You can create as many buckets as you want and organize them as you like. But you will need to supply a bucket name with every call to Google Storage (and Document AI), so you may want to store the name of a default bucket in the environment. Here you have two options:

Set it for the current session with gcs_global_bucket("<your bucket name>")
Store it permanently in you .Renviron file by calling usethis::edit_r_environ() and adding GCS_DEFAULT_BUCKET=<your bucket name> to the list of variables (just as you did with GCS_AUTH_FILE and DAI_PROCESSOR_ID in the configuration vignette). Note that adding a default bucket to .Renviron will not prevent you from supplying other bucket names in individual calls to Google Storage when necessary.

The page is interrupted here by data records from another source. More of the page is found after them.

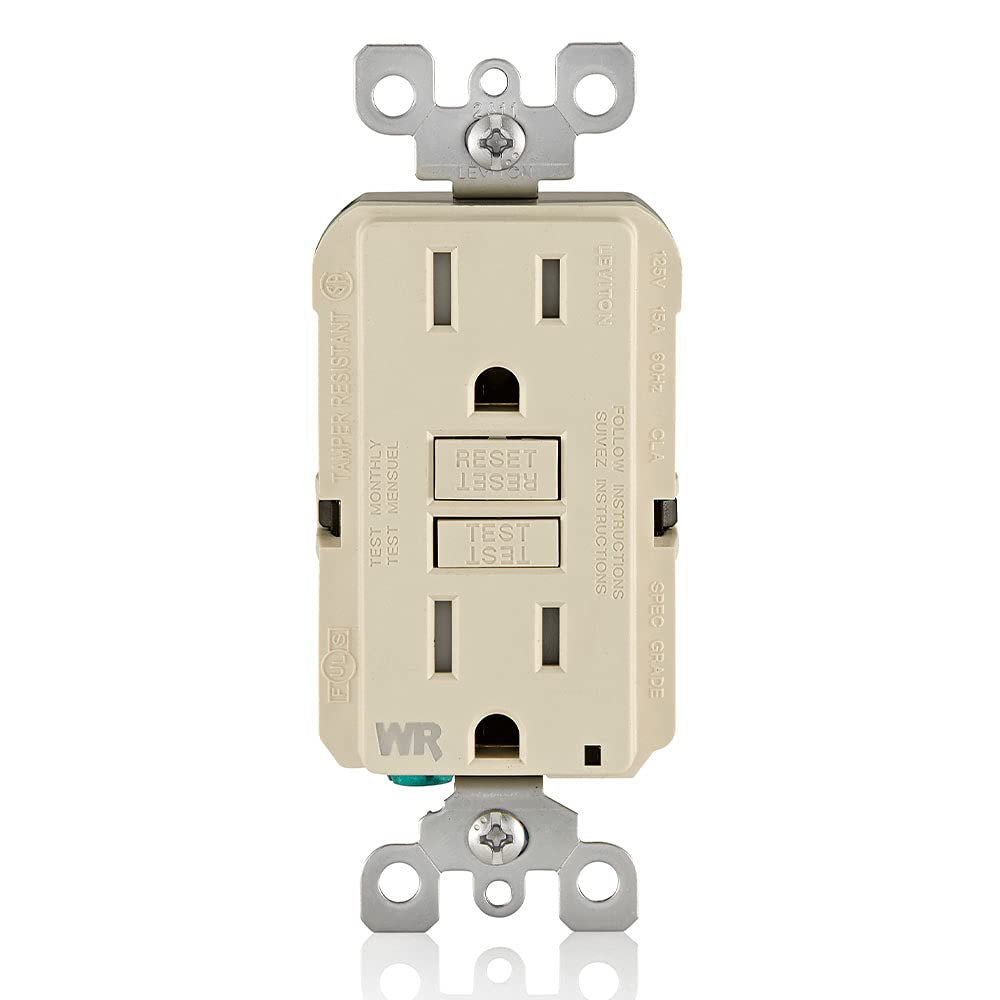 Leviton GFWT2-W Self-test SmartlockPro Slim GFCI Weather-Resistant and Tamper-Resistant Receptacle with LED Indicator, 20-Amp, White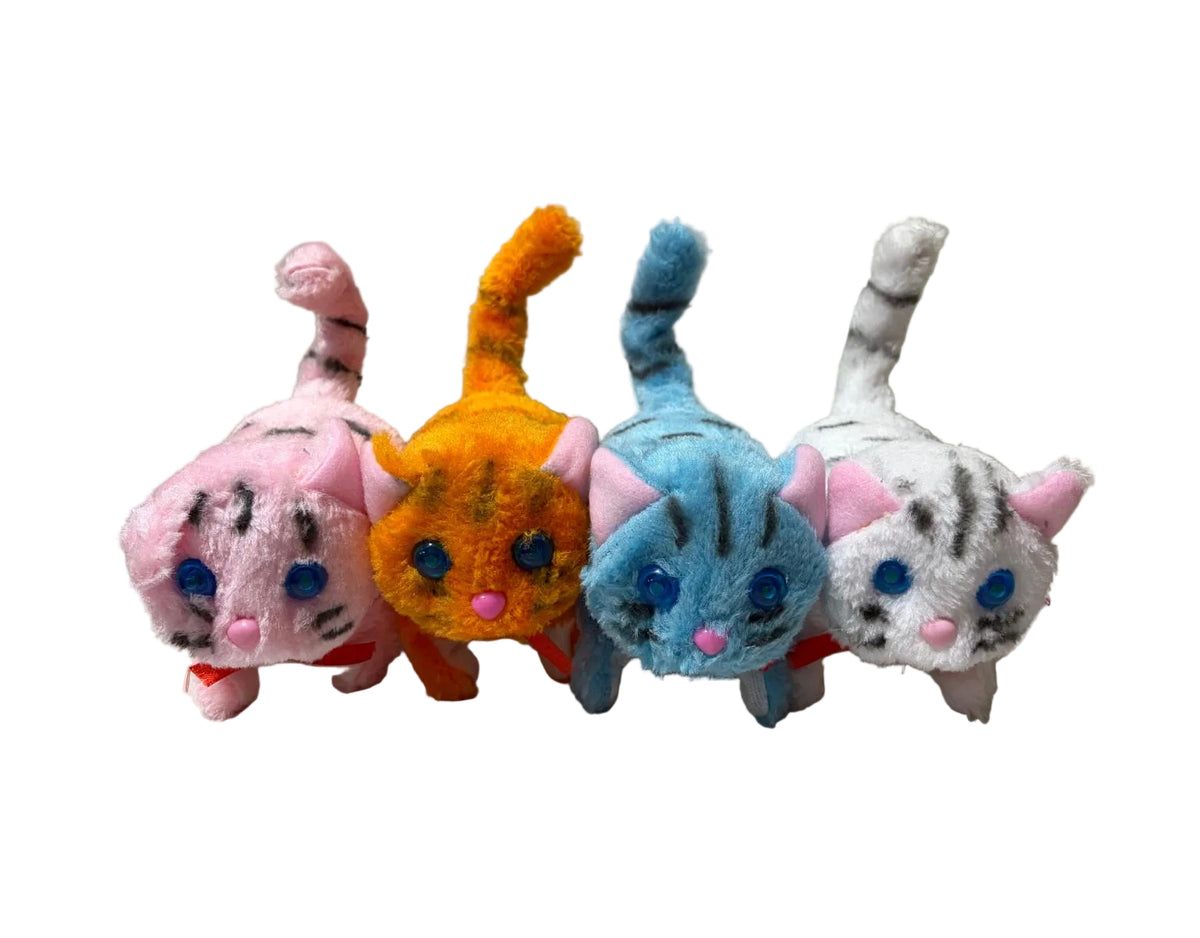 Cute Animated Walking Plush Kitten 🐱 Light-Up Eyes, Moves Tail & Makes Sounds! 12/bx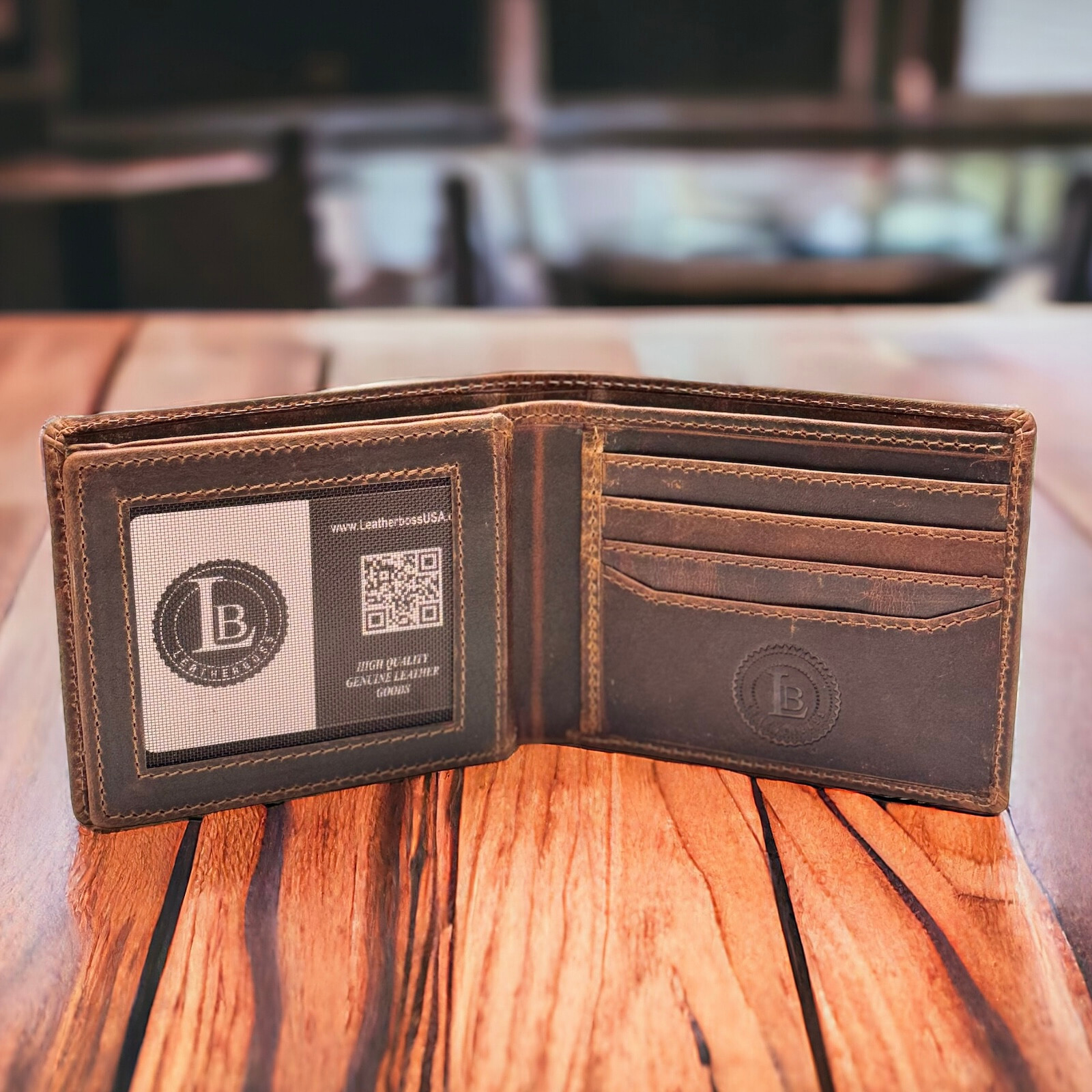 RFID Blocking Brown Vintage Leather Men’s Bifold Center Flap Wallet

To get a bucket’s file inventory, we use gcs_list_objects(). Leaving the parentheses empty will get information about the default bucket if you have set it.

gcs_list_objects()

At this point it’s obviously empty, so let’s upload something.

Uploading files

This we do with gcs_upload(). If the file is in your working directory, just write the filename; otherwise provide the full file path. If you want, you can store the file under another name in Google Storage with the name parameter; otherwise, just leave the parameter out. For this example we create a simple CSV file and upload it.

setwd(tempdir())
write.csv(mtcars, "mtcars.csv")
gcs_upload("mtcars.csv")

Now let’s check the contents.

gcs_list_objects()

Note that you can use the parameter name to change the name that the file will be stored under in the bucket.

gcs_upload("mtcars.csv", name = "testfile.csv")

The Google Storage API handles only one file at a time, so for bulk uploads you need to use iteration. Let’s create another CSV file, create a vector with the two files, and map over it.

library(purrr)
write.csv(iris, "iris.csv")
my_files <- list.files(pattern = "*.csv")
map(my_files, gcs_upload)

Note that if your my_files vector contains full filepaths, not specifying the name parameter in gcs_upload() will produce long and awkward filenames in the Storage bucket. To avoid this, use basename() in the name parameter, like so:

map(my_files, ~ gcs_upload(.x, name = basename(.x)))

Let’s check the contents again:

gcs_list_objects()

Note that there’s a file size limit of 5Mb, but you can change it with gcs_upload_set_limit().

gcs_upload_set_limit(upload_limit = 20000000L)

Downloading files

Downloads are performed with gcs_get_object(). Note that you need to explicitly provide the name that your file will be saved under using the parameter saveToDisk.

gcs_get_object("iris.csv", saveToDisk = "iris.csv")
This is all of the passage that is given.